Member of the National Assembly
- In office June 1999 – 25 July 2008

Personal details
- Born: Sithole Assistance Mshudulu 12 August 1949
- Died: 30 May 2021 (aged 71)
- Citizenship: South Africa
- Party: African National Congress

= Sithole Mshudulu =

South African politician (1949–2021)

Sithole Assistance Mshudulu (12 August 1949 – 30 May 2021) was a South African politician who represented the African National Congress (ANC) in the National Assembly from 1999 to 2008. He later represented the ANC as a local councillor in Gauteng, including as Mayor of Emfuleni Local Municipality.

== Early life and career ==
Mshudulu was born on 12 August 1949. He entered politics through the Congress of South African Trade Unions in the former Transvaal and was also active in the South African National Civics Organisation.

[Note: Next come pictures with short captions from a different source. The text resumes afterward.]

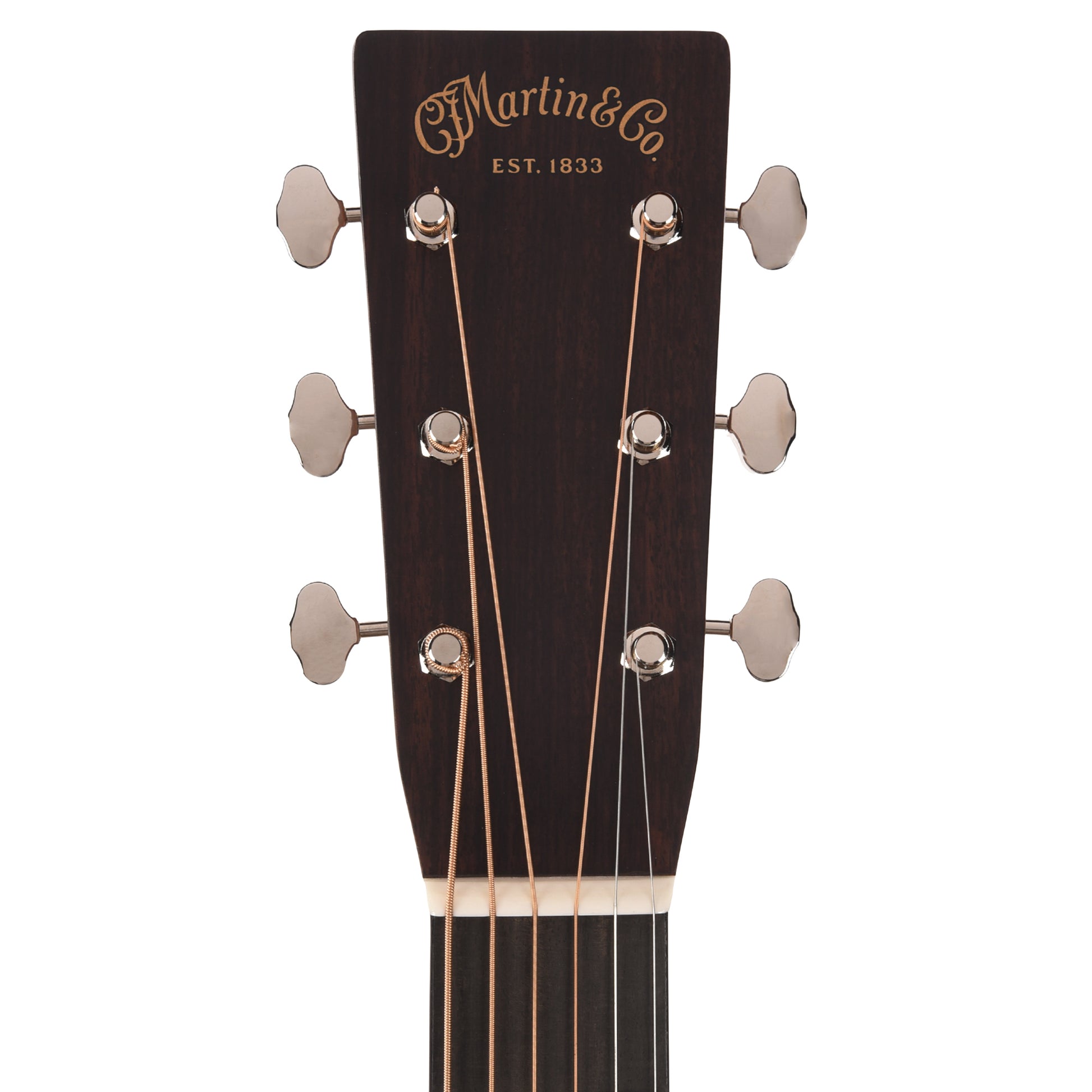Martin Custom Shop 28-Style Dreadnought VTS Sitka Spruce/East Indian Rosewood 1935 Sunburst Acoustic Guitars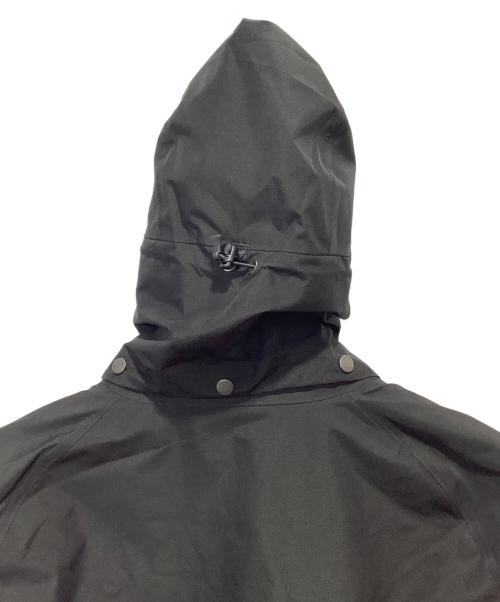 FOX FIRE（フォックスファイヤー）FOX FIRE (フォックスファイヤー) デュープロテクトコート ブラック サイズ:XLの古着・服飾アイテム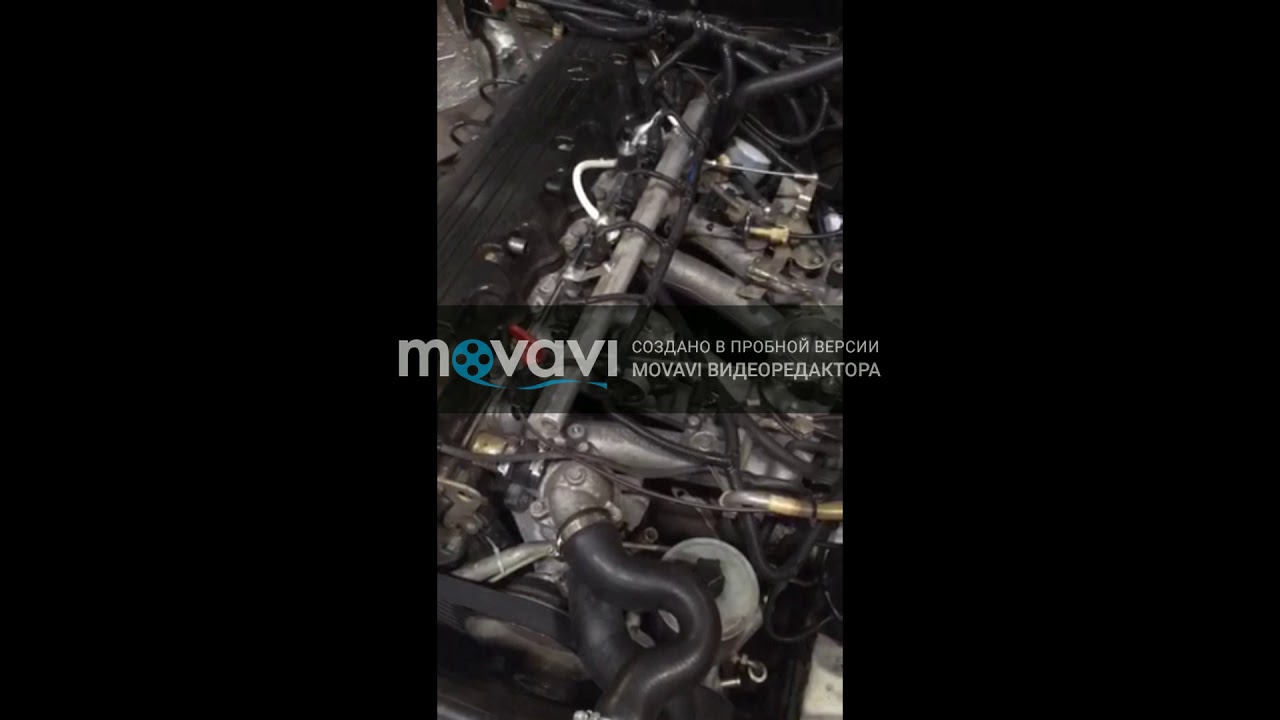 мерседес 124 3.0 Инвент-джетроник - YouTube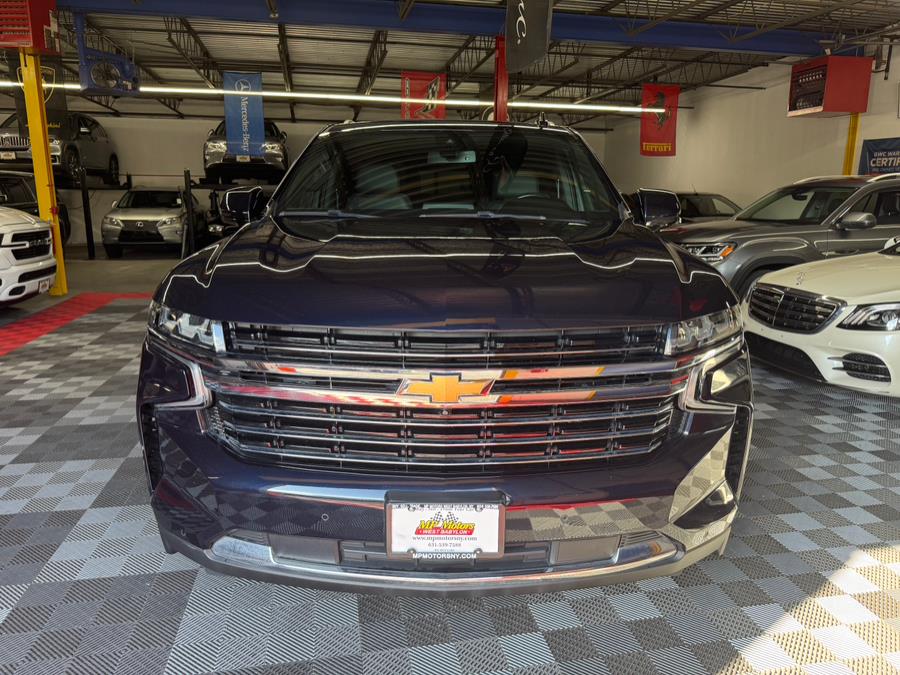 2021 Chevrolet Tahoe 4WD 4dr LT, available for sale in West Babylon , New York | MP Motors Inc. West Babylon , New York 2021 Chevrolet Tahoe 4WD 4dr LT, available for sale in West Babylon , New York | MP Motors Inc. West Babylon , New York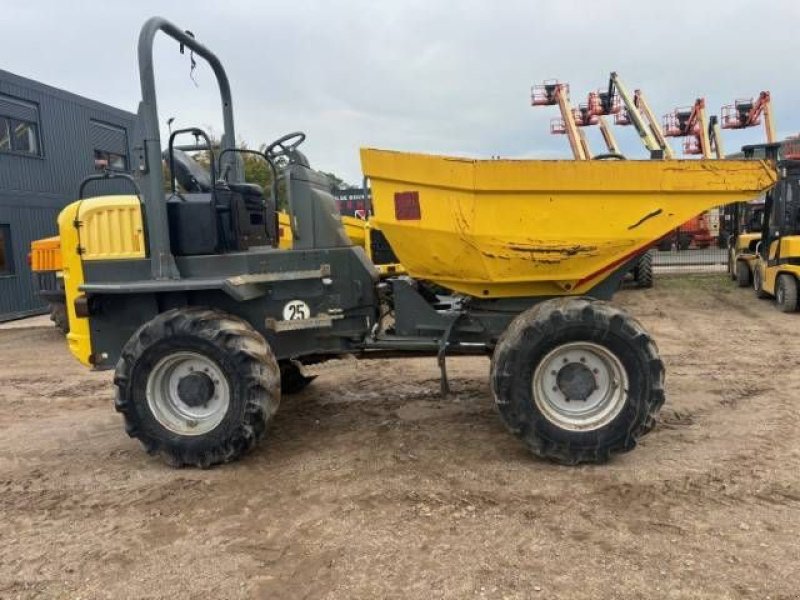 Kipper van het type Wacker Neuson DW 60, Gebrauchtmaschine in MOL (Foto 4)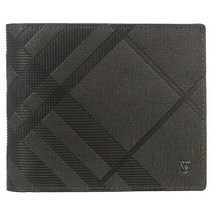 [AK분당점] [베노베로] 23SS BENOVERO 에드가체크 반지갑BJG1ACP2203E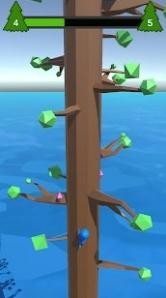小人爬树3D V1.2.1 内购版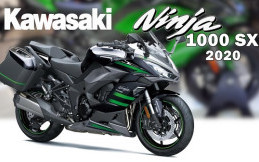 Alami Kenaikan Harga, Kawasaki Luncurkan Ninja 1000SX dengan Fitur Baru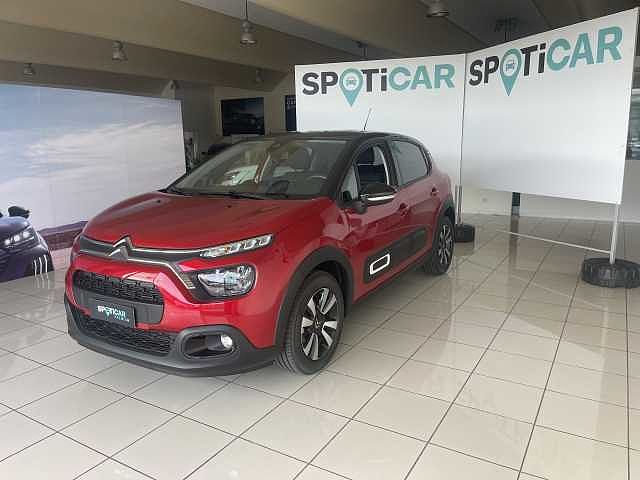 Citroen C3 3ª serie PureTech 110 S&S EAT6 Shine da CAPPELLO GIOVANNI & FIGLI SRL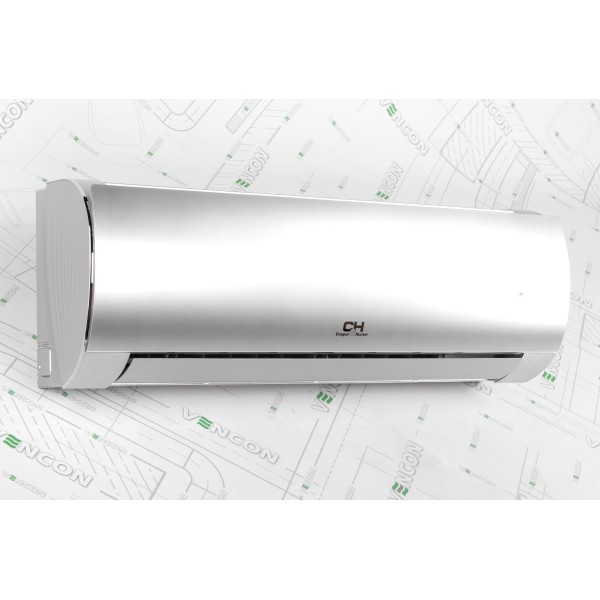 Cooper&Hunter Daytona Silver CH-S09FTXD2-SC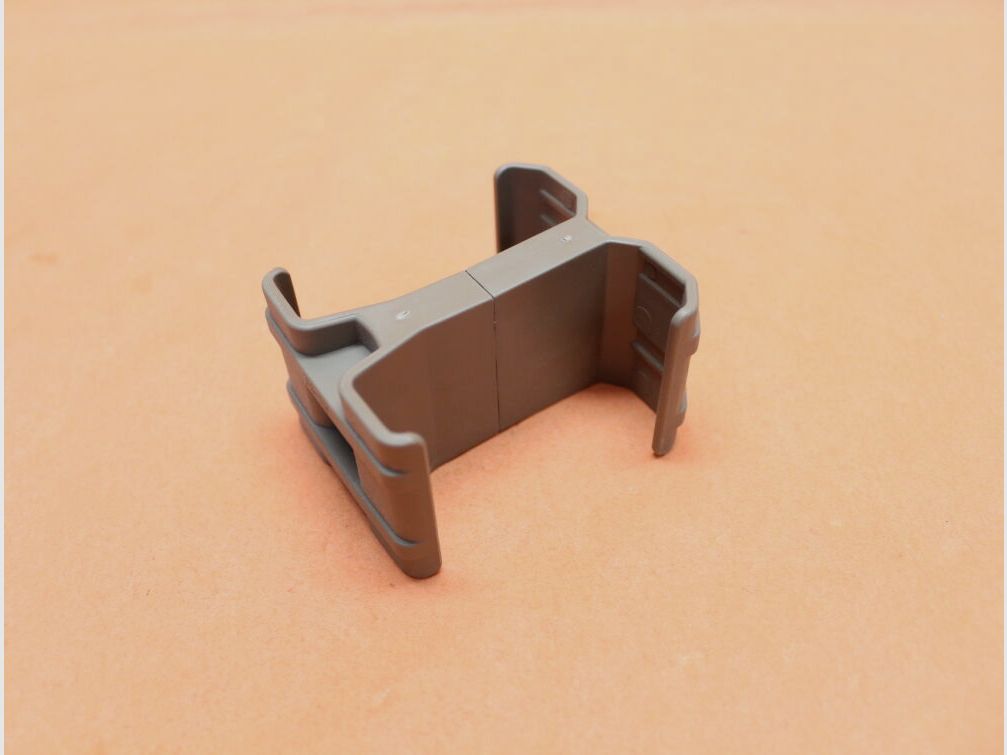 Oberland Arms AR-15: Magazine connector Oberland Arms OA-Mag FDE Polymer Dark Earth Brown .223Rem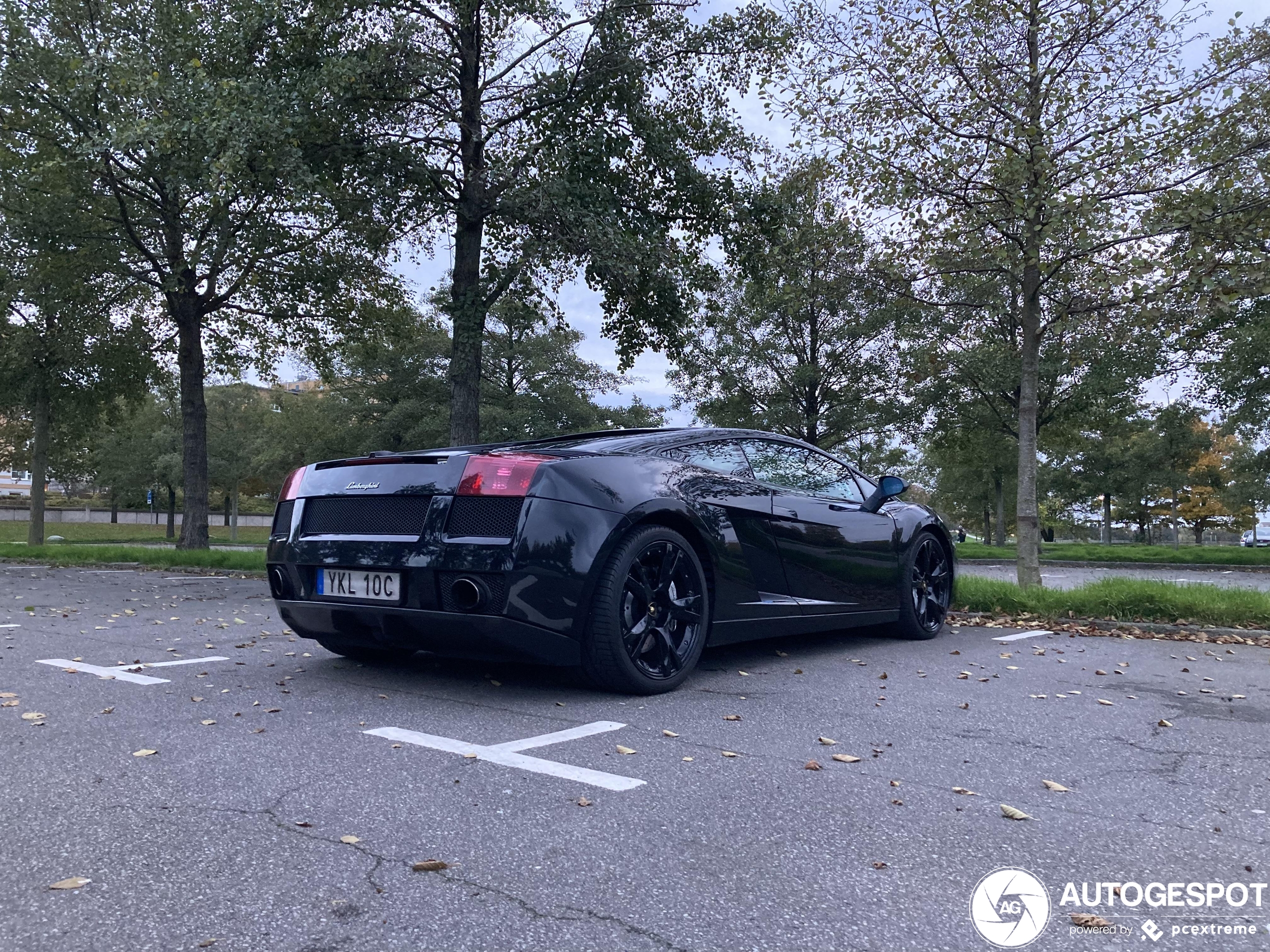 Lamborghini Gallardo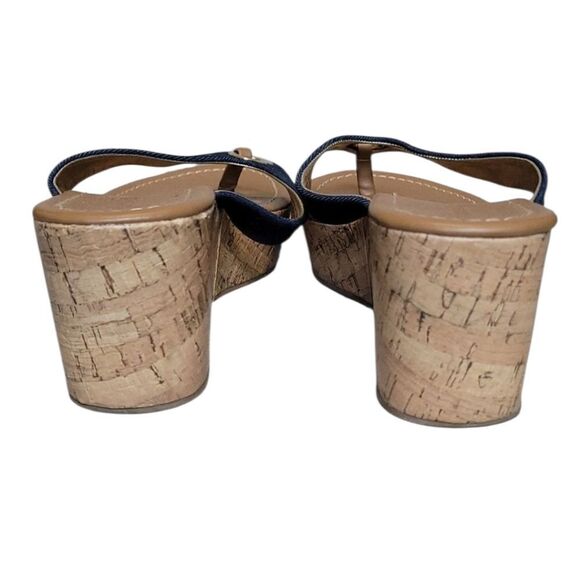 American Eagle Denim Wedge - Picture 2 of 8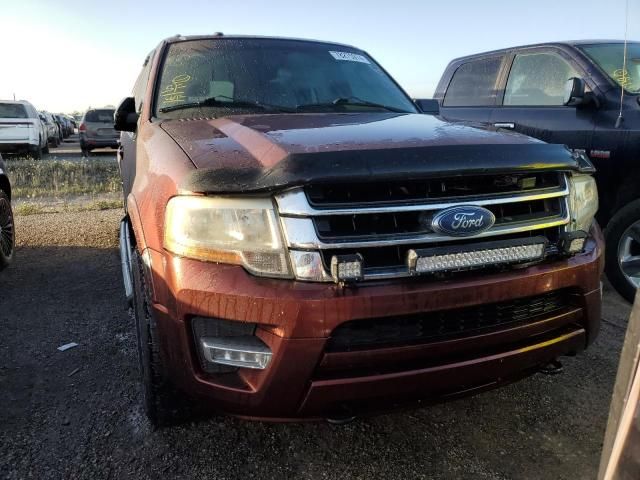 2015 Ford Expedition EL XLT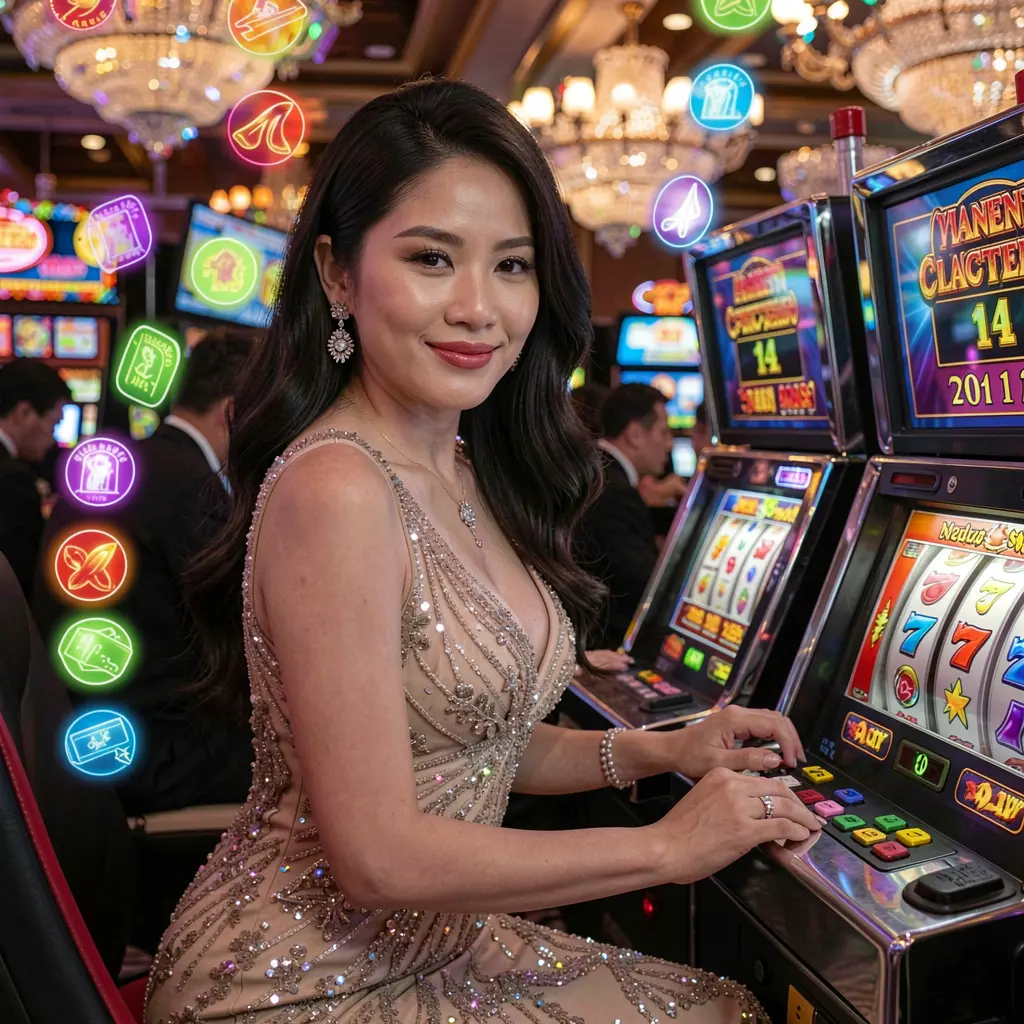 DDDPH – Tuklasin ang kapana-panabik na mundo ng mga online na larong slot sa Pilipinas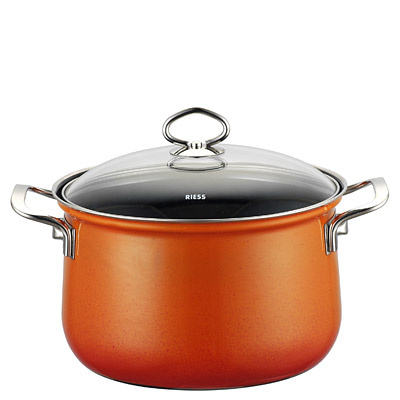 Garnek do zupy Riess Corall 3,5l riess 0653-34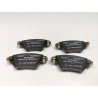 Zestaw klocków hamulcowych tył Mondeo 00-04 FORD OE 1227108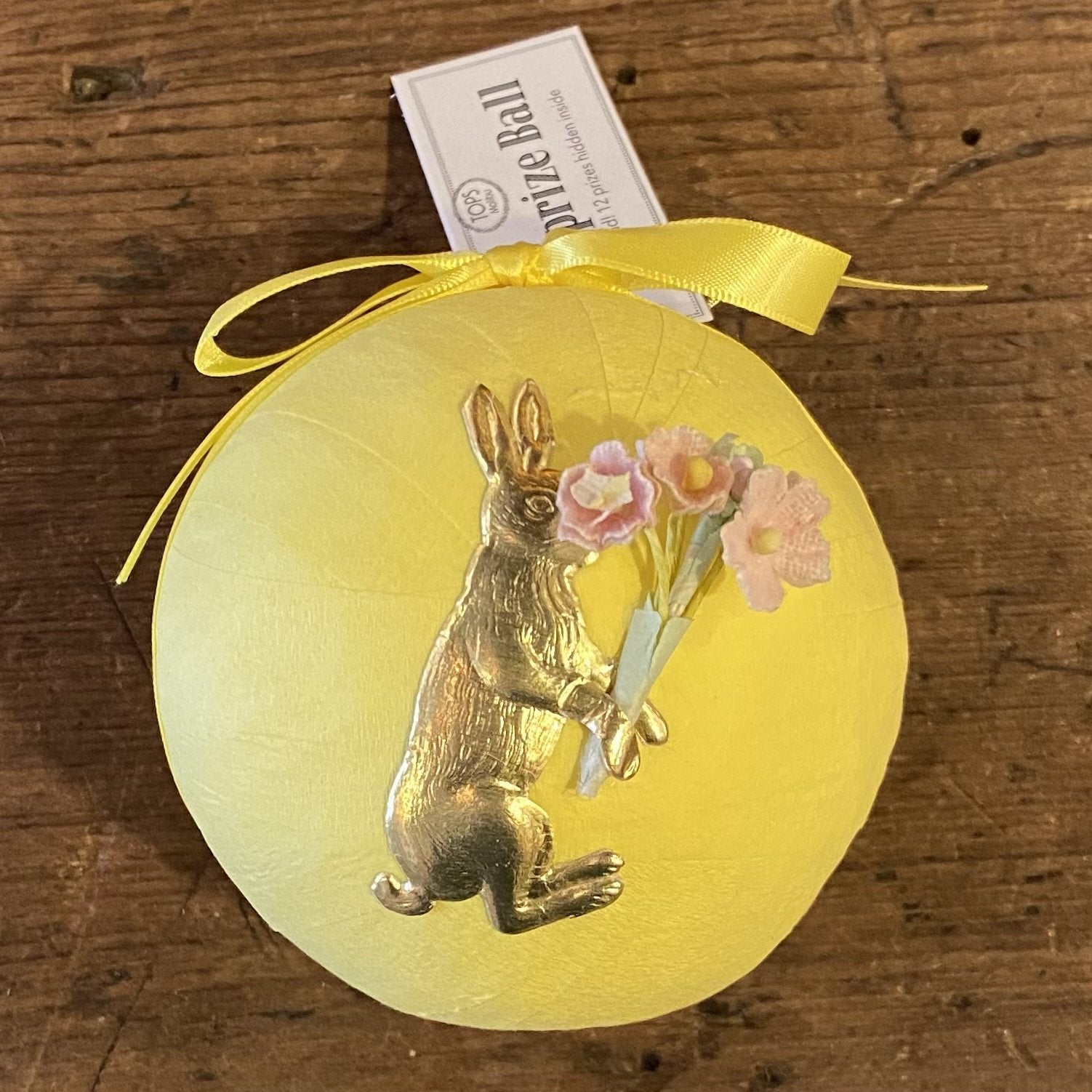 Deluxe Surprize Ball Easter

== Career in government ==
Mshudulu was elected to the National Assembly in the 1999 general election and was re-elected to a second term in 2004. He represented the Gauteng constituency during his first term, but for his second term stood as a candidate on the ANC's national party list. He resigned from the assembly on 25 July 2008.

After resigning, Mshudulu served as Mayor of Emfuleni. Thereafter he represented the ANC as a local councillor in the Sedibeng District Municipality, where he was chief whip from 2016 until his death.

== Personal life and death ==
Mshudulu was married to Modikoe Mshudulu and had two Children namely Matshidiso and Monde Mshudulu. He was admitted to hospital on 16 May 2021 after being diagnosed with COVID-19 and died of related illness on 30 May.